Unfortunately, we cannot pack it more tightly on 32-bit architectures since at
least 14 bits are required per summary field.
Now that we've limited the size of the root level, we need to pick the sizes of
the subsequent levels.
Each entry in the root level must reflect some number of entries in the
following level, which gives us our fanout.
In order to stay cache-friendly, I propose trying to keep the fanout close to
the size of an L1 cache line or some multiple thereof.
64 bytes per line is generally a safe bet, and our summaries are 8 bytes wide,
so that gives us a fanout of 8.
Taking all this into account, for a 48-bit address space (such as how we treat
`linux/amd64` in the runtime), I propose the following 5-level array structure:
* Level 0: `16384` entries (fanout = 1, root)

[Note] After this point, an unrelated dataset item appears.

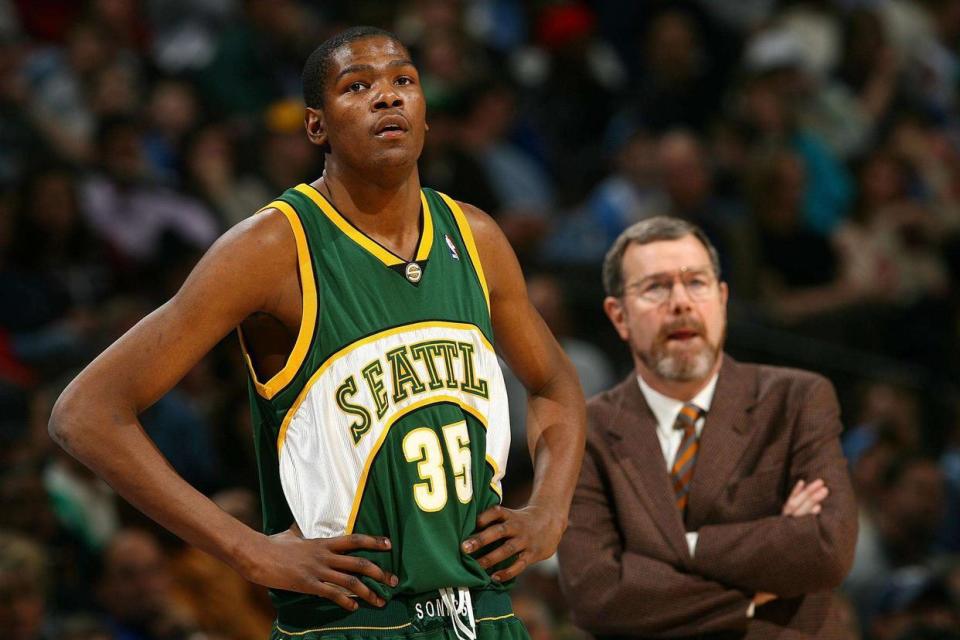 jjglN, JTOaG jjglN, JTOaG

* Level 1: `16384*8` entries (fanout = 8)
* Level 2: `16384*8*8` entries (fanout = 8)
* Level 3: `16384*8*8*8` entries (fanout = 8)
* Level 4: `16384*8*8*8*8` entries (fanout = 8, leaves)
Note that level 4 has `2^48 bytes / (512 * 8 KiB)` entries, which is exactly the
number of chunks in a 48-bit address space.
Each entry at this level represents a single chunk.
Similarly, since a chunk represents 512, or 2^9 pages, each entry in the root
level summarizes a region of `2^21` contiguous pages, as intended.
This scheme can be trivially applied to any system with a larger address space,
since we just increase the size of the root level.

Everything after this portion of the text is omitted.